But it's not OK for Bill Clinton to "make the sacrifices"? If he does, he's interfering. If he doesn't, he's accused of trying to undermine his own wife's campaign by indifference. In fact, we may have found the arena where there's a male equivalent of the woman's thin pink line, a blue thin line - damned if you do and damned if you don't.

Is what's fair and expected for one spouse prohibited to the other because he was once president? Are we slipping into those subtle, deniable gender differences only this time advantage to the female spouse and thereby to her husband? And what a good strategy it is, too, as it would be unseemly for Hillary or Bill to counter Michelle's remarks.

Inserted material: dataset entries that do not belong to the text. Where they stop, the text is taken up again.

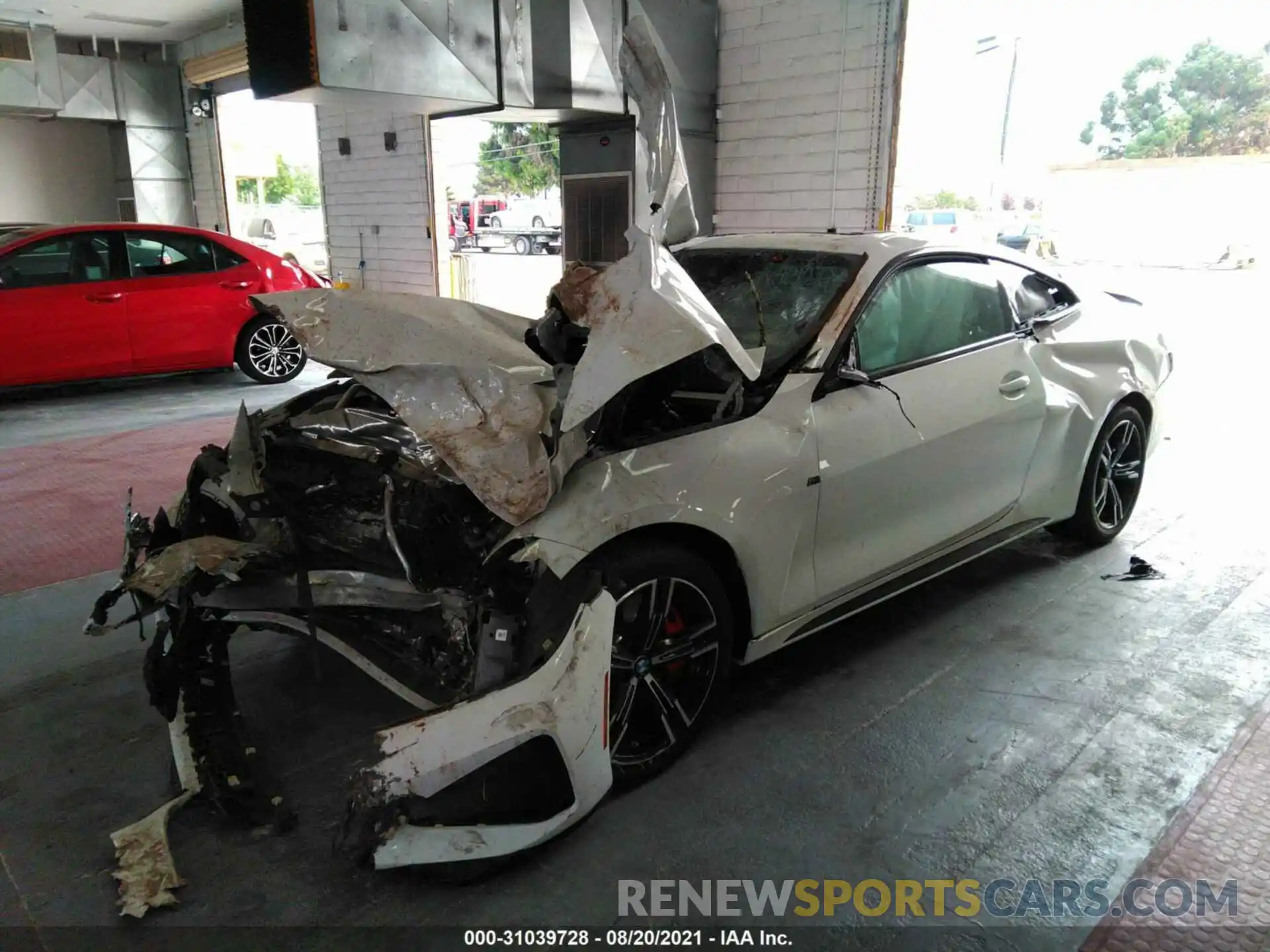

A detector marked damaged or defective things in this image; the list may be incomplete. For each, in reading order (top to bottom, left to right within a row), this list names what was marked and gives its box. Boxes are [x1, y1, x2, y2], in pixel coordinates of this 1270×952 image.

torn sheet metal [622, 16, 700, 246]
crumpled car hood [251, 17, 757, 530]
torn sheet metal [561, 229, 757, 431]
shattered windshield [675, 250, 863, 373]
damaged front end [89, 385, 614, 919]
torn sheet metal [363, 594, 614, 868]
torn sheet metal [109, 792, 192, 919]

Fair or unfair, the anti-Bill theme is catching on. Andrea Mitchell had a field day with it yesterday. Under the guise of "news" on NBC Nightly News, she was once again provided carte blanche for a long anti-Clinton diatribe focusing on Bill Clinton's involvement in the race. NBC and Brian Williams should be ashamed of that blatant editorializing. She gave next to no time to Clinton's compliments to Barack Obama. How about a GE bright sign on her forehead next time - "EDITORIAL!"

In the first few seconds Mitchell used the phrases "seeming to long for the days when he was the candidate," "his job this time designated hitter for his wife, attacking Barack Obama so she doesn't have to." Then, after a few more slights, she reported President Clinton "refused" to do what he was told by Senators, not that he instead chose to support his wife. Mitchell only showed a choppy bit of Clinton's praise of Obama, followed by the comment, "but that's an exception." This kind of attack journalism in the midst of a supposed news program is despicable no matter the target.

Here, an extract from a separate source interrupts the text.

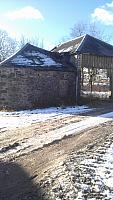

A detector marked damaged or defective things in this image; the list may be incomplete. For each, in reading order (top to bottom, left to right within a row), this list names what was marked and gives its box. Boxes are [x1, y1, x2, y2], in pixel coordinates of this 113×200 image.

broken roof [0, 43, 75, 71]
broken roof [52, 34, 113, 56]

Listen, getting Bill out by demeaning him if he challenges his wife's competition or Obama choosing to address the other man instead of the female candidate are clever strategies and ones that might work with some people. But they're cheap. And it leaves me wondering if Barack Obama really is all about change after all and whether doing this type of thing is the only way he can deal with the heat in the political kitchen.